Tuesday, January 6, 2015

Are You Chasing Goats Or Tending Sheep?

(This article was first posted on my blogsite on 10/31/07. With a few changes, I am reposting it here because of its relevance.)

According to Rick Warren, "Relationships are the glue that holds a church together. Friendships are the key to retaining members."

That's a cute bumper sticker sentiment but is it true? I guess the answer to that question really depends on whether your church's purpose is to raise goats or sheep.

Over a century ago in Europe, Charles Spurgeon wrote an article titled, "Are We Feeding Sheep Or Amusing Goats?" It is well worth reading. It is an amazingly parallel description of the church growth movement in contemporary American churches.

Is your pastor a shepherd or a goatherd? I found this definition of a GOATHERD in Wikipedia. It provides some very interesting and insightful correlations to the contemporary ideological deviations from fundamental orthodox worship in the Christian church.

A goatherd or a goatherder is a person who herds goats for a living. Similar to a shepherd who tends sheep for a living, the drover here herds goats. Goatherds are popular in countries where goat populations are natively high; for instance, in Africa and South Asia. Herding a goat is much more difficult than herding sheep as, unlike sheep, goats do not have a herd mentality and each goat will tend to stray farther in search of better foliage and grass. It is for this reason that, in these areas, goats are costlier than sheep.

From that definition, I offer the following observations and my comments:

  • Shepherds “tend” sheep; goatherds “herd” goats. The biblical pastoral work of a shepherd is to lead, guide, guard, feed, and protect the sheep. The more arduous task of goatherds is to relentlessly chase after the goats, round them up, herd them, drive them, and contain them.

  • Herding goats is much more difficult than herding sheep…goats do not have a herd mentality. Regarding sheep, Jesus said, ”My sheep hear my voice and they follow me.” I think the fact that a flock of sheep tends to stay together is noteworthy (If all the sheep follow The Shepherd, then all the sheep will naturally be together). Shepherds are charged with tending the flock (a flock is a singular entity, a cohesive group, a herd). So shepherding is relatively easy in comparison to herding animals that have no herd mentality.

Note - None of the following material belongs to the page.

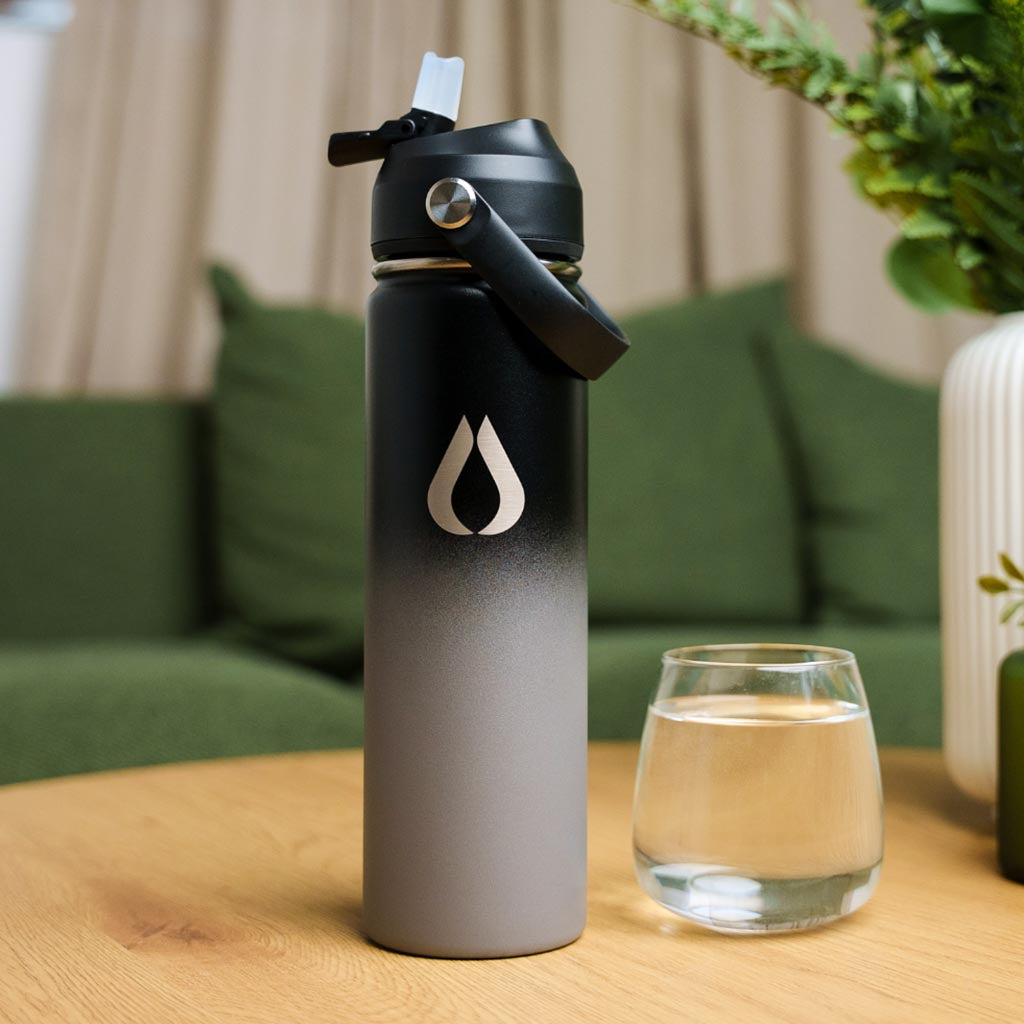 Waterfles - 650ML - Midnight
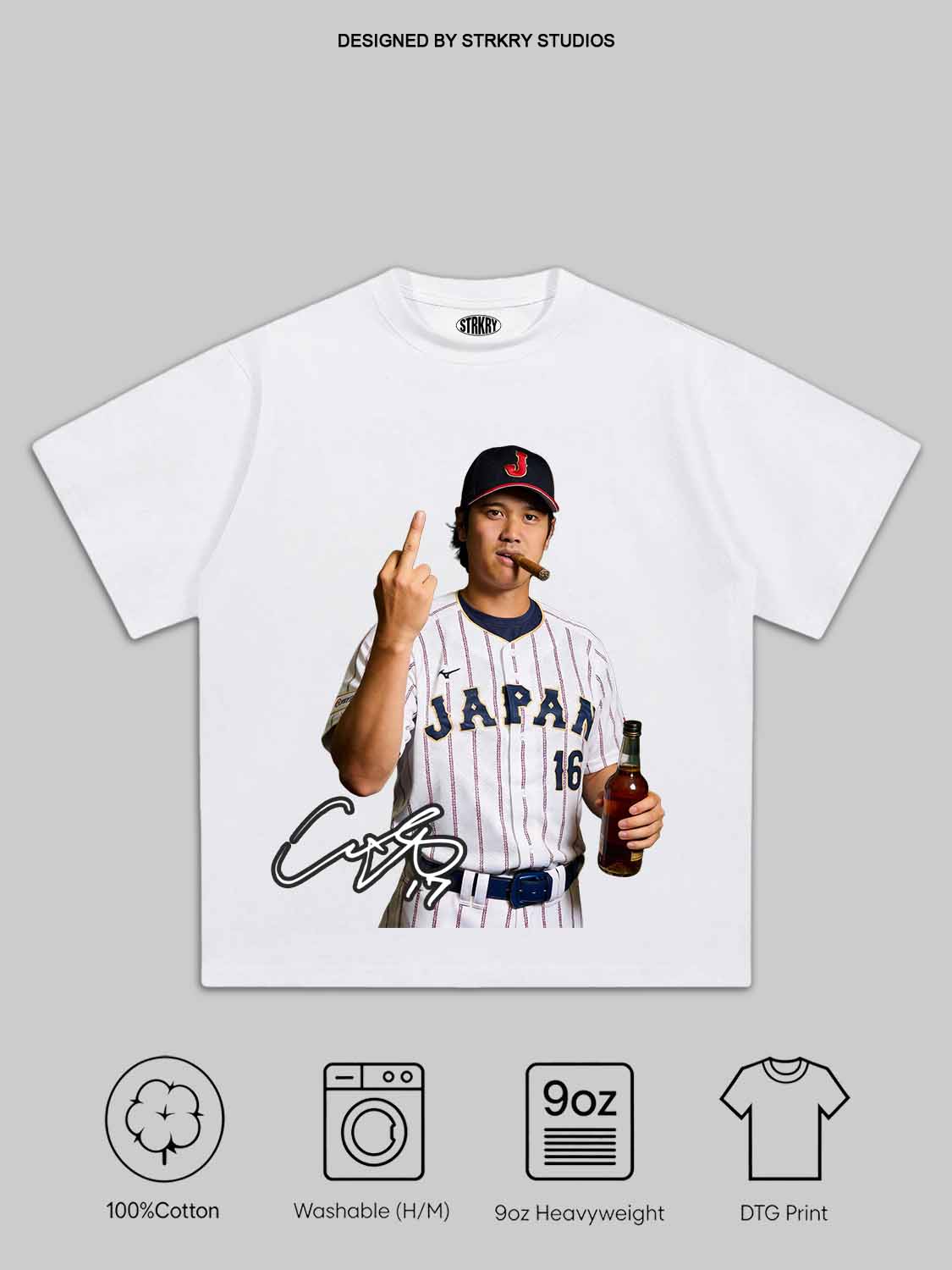 Shohei Ohtani   TEE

  • Goats tend to wander and stray farther in search of better (or different) foliage and grass. They are continually seeking more; more fun, more stimulation, more programs, more variety, more adventure, new relationships, new truth, new revelation, strange fire, more, MORE and MORE garbage to sate their insatiable appetites for anything and everything that is new or different.

  • Goats are costlier than sheep. Churches that get caught up in the activity of amusing goats will require more money to fund more programs and hire more staff to keep them amused and satisfied with new gimmicks. Someone said, “What you win them with is what you win them to.”
Here are a couple other interesting notes from a different source about the grazing habits of goats:
  • Goats do not feed very long in one place but tend to pick a bite here and a bite there moving from place to place. You can probably see where I’m headed with this. Sheep tend to stay near the shepherd who has already prepared a grazing place that is safe for them.  Because pastors (shepherds) lead the flock, sheep will feed on the Word; goats will run from morsel to morsel, from proof text to proof text, and often from church to church.

  • Goats are used much more effectively than sheep for weed control. The reason is that they move into an area and strip it of everything they see and then move on. Also, they will, indiscriminately, eat almost anything including trash. Enough Said.
Having noted these distinctions between shepherds and goatherds, It seems to me that some churches should more correctly refer to their pastors as “Goatherders” unless or until they cease amusing goats and start tending to their sheep. When that happens, they might discover what Rick Warren has missed; that the Word of God and the Spirit of God are the glue that holds The Church together.